TASK DETAILS:
The reply must contain exactly the lines below from the one with "Load image into" down to the one with "Alameda Post - a", both included, and nothing more; please omit the pictures.

PROVIDED INFORMATION:
+++

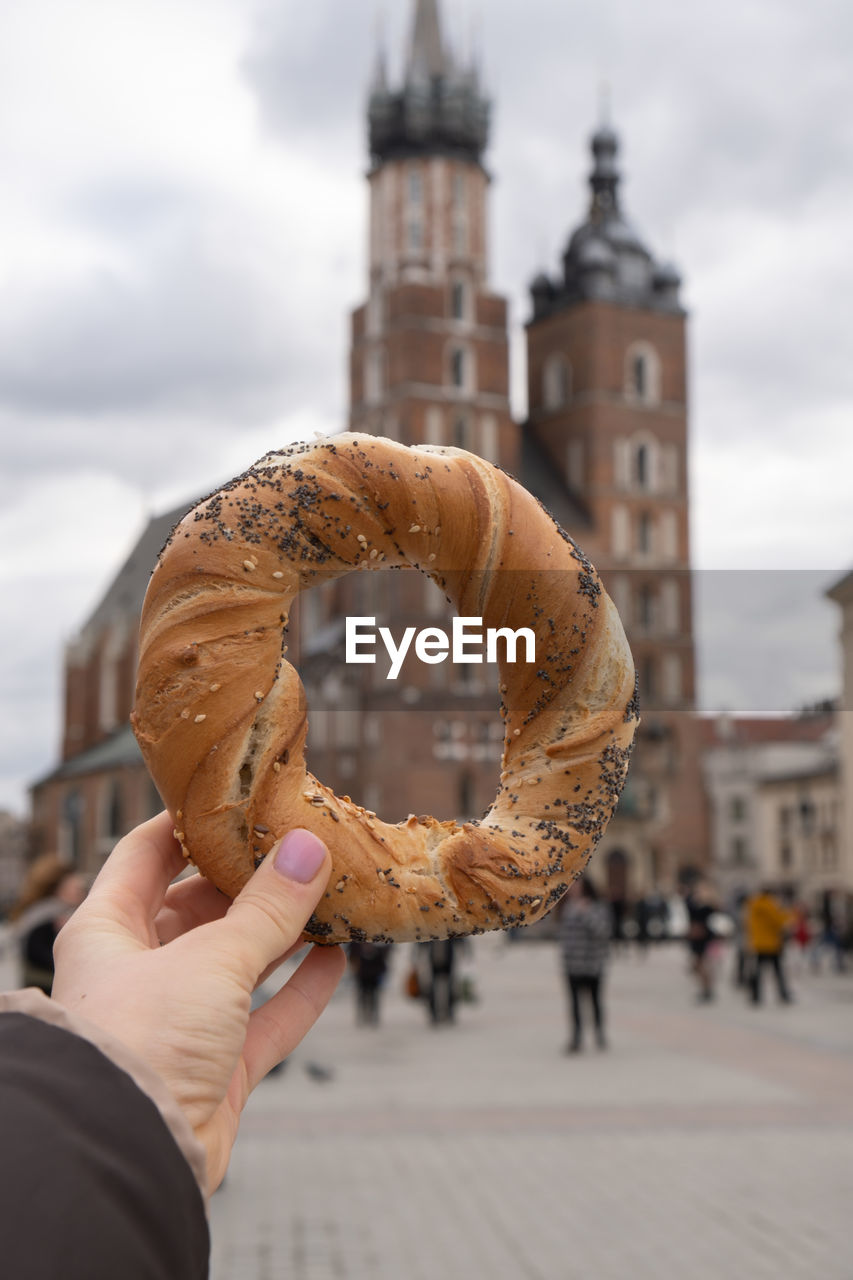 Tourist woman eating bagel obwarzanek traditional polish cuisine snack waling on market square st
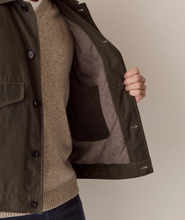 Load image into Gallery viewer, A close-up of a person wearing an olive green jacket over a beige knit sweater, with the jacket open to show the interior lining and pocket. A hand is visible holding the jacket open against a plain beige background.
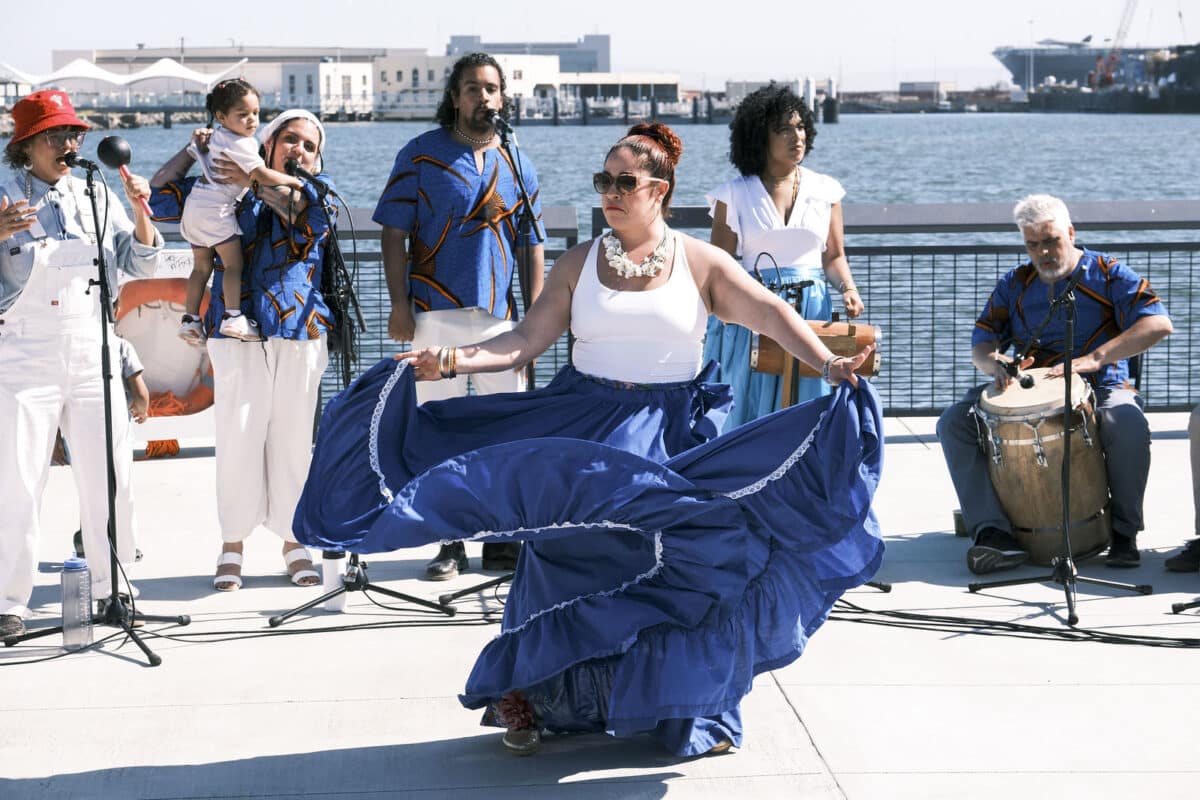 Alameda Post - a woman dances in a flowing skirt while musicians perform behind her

+++

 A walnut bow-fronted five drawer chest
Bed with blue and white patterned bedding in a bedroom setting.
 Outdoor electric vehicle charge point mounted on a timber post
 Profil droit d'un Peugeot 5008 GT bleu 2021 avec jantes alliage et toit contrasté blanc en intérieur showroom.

+++

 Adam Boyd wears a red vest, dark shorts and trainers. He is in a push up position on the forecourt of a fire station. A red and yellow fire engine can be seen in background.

+++

FINISHED TASK:
 Load image into Gallery viewer, A close-up of a person wearing an olive green jacket over a beige knit sweater, with the jacket open to show the interior lining and pocket. A hand is visible holding the jacket open against a plain beige background.
 Alameda Post - a woman dances in a flowing skirt while musicians perform behind her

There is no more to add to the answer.